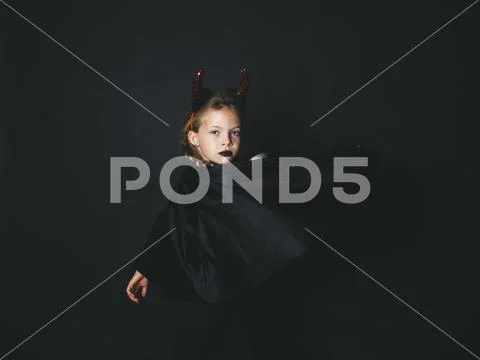 Pretty girl with red halloween horns and cape Stock Photos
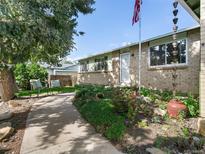 Charming brick home featuring a welcoming front yard with lush landscaping and a cozy seating area at 207 Short Pl, Louisville, CO 80027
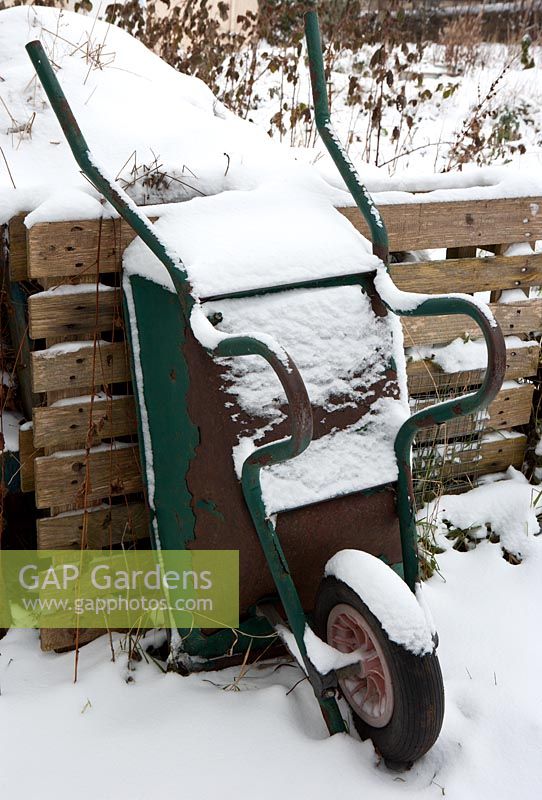 Wheelbarrow covered in snow next to compost heap in winter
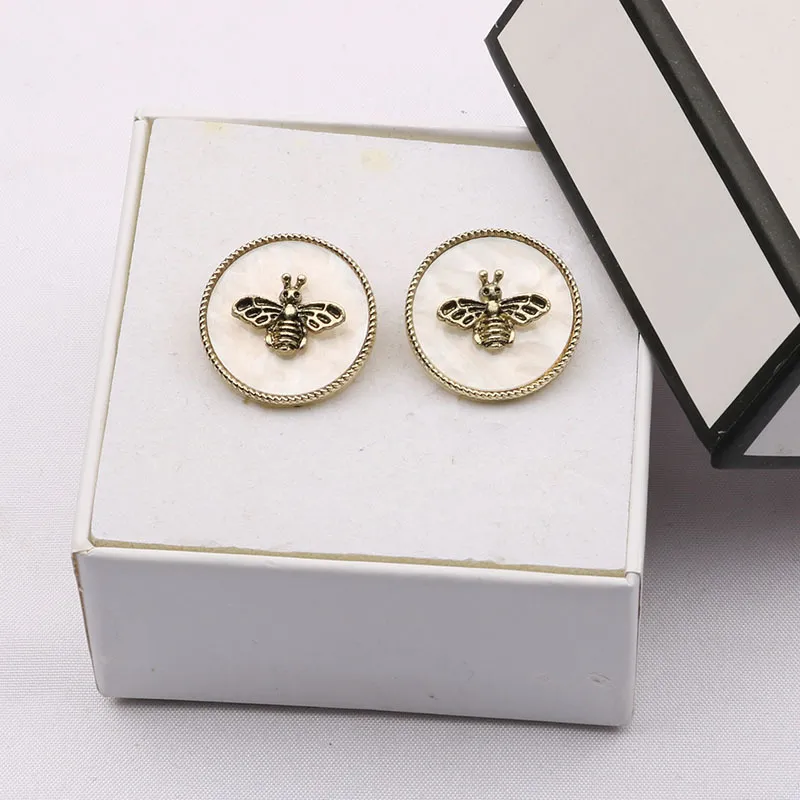 Fashion crossover round bee acrylic earrings for women Europe and the United States new creative personalized alloy earrings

## Required action
From the first line to the last, write out the data exactly, dropping any pictures.

## The completed task
 Pretty girl with red halloween horns and cape Stock Photos
 Charming brick home featuring a welcoming front yard with lush landscaping and a cozy seating area at 207 Short Pl, Louisville, CO 80027
 Wheelbarrow covered in snow next to compost heap in winter
 Fashion crossover round bee acrylic earrings for women Europe and the United States new creative personalized alloy earrings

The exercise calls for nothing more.